Apart from the eponymous widows, the book is full of back story information about Perveen herself. It takes most of the book and more than the murder mystery itself, so that the book feels more like a historical fiction. Perveen belongs to the Parsi community (which I didn’t know much about, except that they are related to the Iranian religion of Zarathustra, which I had encountered some time ago in a great graphic novel). The book is rich with descriptions of Parsi customs and situation in the British empire, but it never feels heavy. I learnt so much in a very entertaining way. Perveen’s personal backstory is quite fascinating, the only downside is that it is told through flashbacks and it rather slows the action set in present day.
For a cozy mystery (very little blood on scene, although there are some emotional / physical abuse in the story), it gave a lot of historical, social and political issues to think about. Plausibility is rather stretched, but it seems that there was indeed a female Indian lawyer in the early 20th century: Cornelia Sorabji. I’d love to read the next volume.
It was not a big week for podcasts. In fact, I hardly know how I spent my time in this post-lockdown week. Very full working days (apparently, we must catch up for lost time… uh?), lots of long-delayed errands, much hand wringing about school mandatory reopening next Monday. Yes, folks, insert eye-roll emojis, but French schools are mandatory again for primary and middle school kids, for the mere two weeks until school year end early July… Schedules probably require a Masters degree in Microsoft planner (especially if you work and if you have more than one kid). I throw up my hands and give up. If their attendance record is not good, I don’t think I care much at this stage.
Oh but wait, you were expecting something about podcasts and not only a slice of real French life, right?
💙 10 things to Tell You by Laura Tremaine: #67 Social Shaming – very interesting and timely. Well worth listening to if you’ve ever been tempted to say: “I’m not judging, but…” and insert some remarks about social distancing or not, wearing masks or not, gathering or not, etc. Of course, we all knew in theory already that self-righteous social media images don’t tell the full picture, but in Covid times, what does that mean?
Radiolab Dispatch: 6 Strange Times: fascinating science tidbits about time slowing down (or not)
On Being with Krista Tippett: Stephen Batchelor, Finding ease in aloneness – I’m an introvert, so I never had any difficulty with the idea of being alone.
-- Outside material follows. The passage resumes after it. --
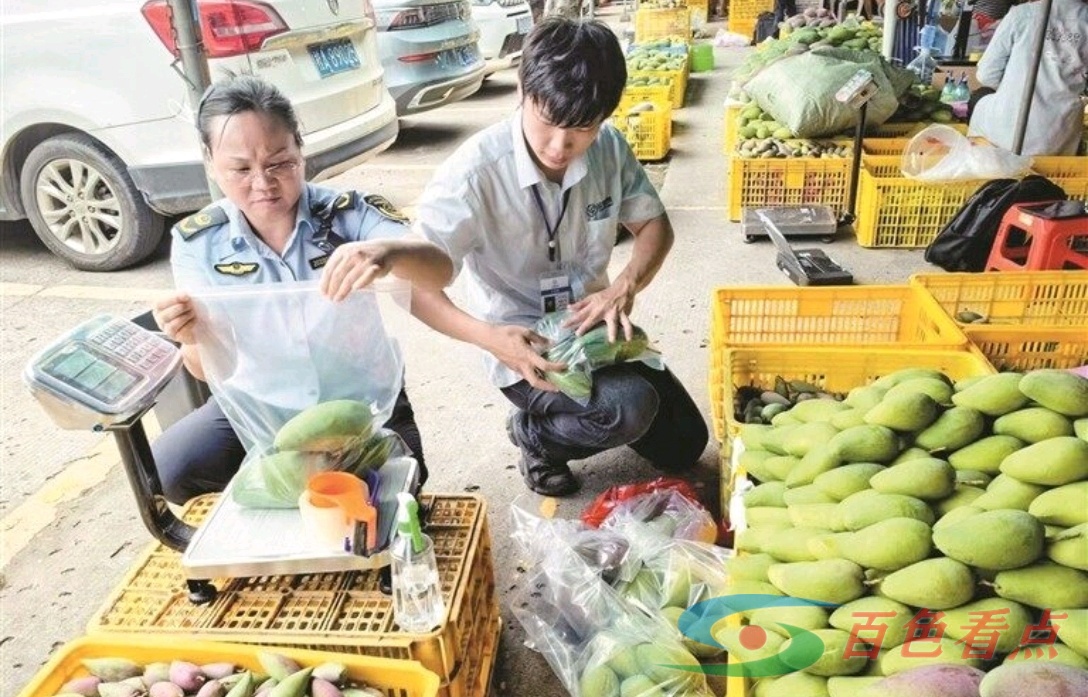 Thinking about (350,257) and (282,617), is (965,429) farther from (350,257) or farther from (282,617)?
(282,617)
Back in 2013 I’d read a book by Batchelor and I have a fond memory of it.
The Good List with Tsh Oxenreider: The Golden Hour – not for me. I’d love to have an hour to explore, play and discover, but right now, it’s not realistic.
Edit Your Life Podcast #201 Everyday Frugal Edits – some good ideas here, some of which I practice already, some I want to try (dry beans?), some of which don’t really appeal to me (handkerchief really?)